[Given data Boundary: Start]
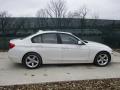 2014 3 Series 328i xDrive Sedan #2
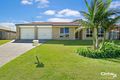 Property photo of 20 Tallimba Street Upper Kedron QLD 4055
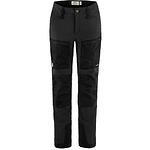 Keb Agile Winter Trousers W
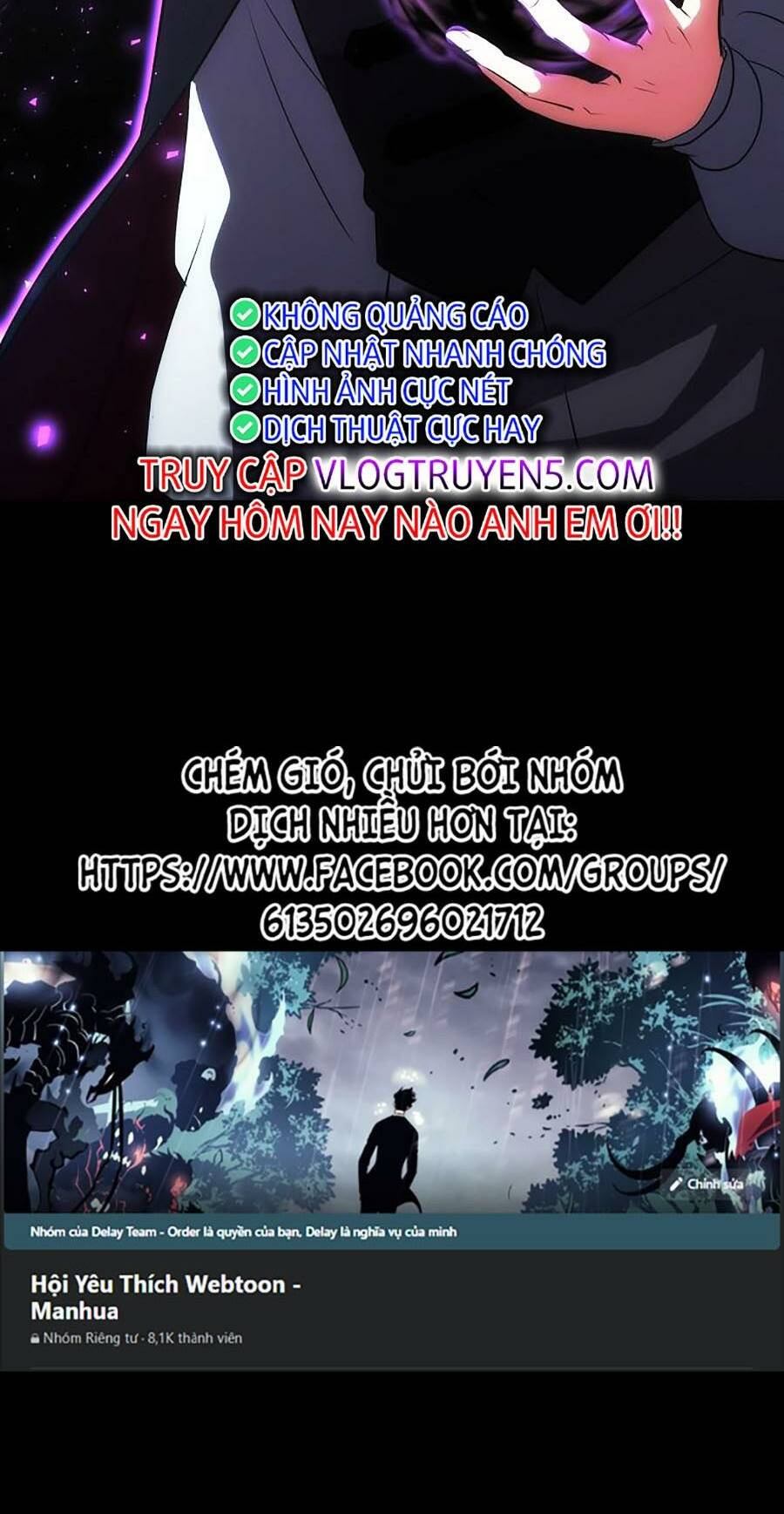 Trở Thành Hoàng Tử Út Trong Tiểu Thuyết Chap 19 - Next Chap 20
[Given data Boundary: End]
**Task description**
From the first line of the material to the last, retype everything exactly except the images.

**Response**
 2014 3 Series 328i xDrive Sedan #2
 Property photo of 20 Tallimba Street Upper Kedron QLD 4055
 Keb Agile Winter Trousers W
 Trở Thành Hoàng Tử Út Trong Tiểu Thuyết Chap 19 - Next Chap 20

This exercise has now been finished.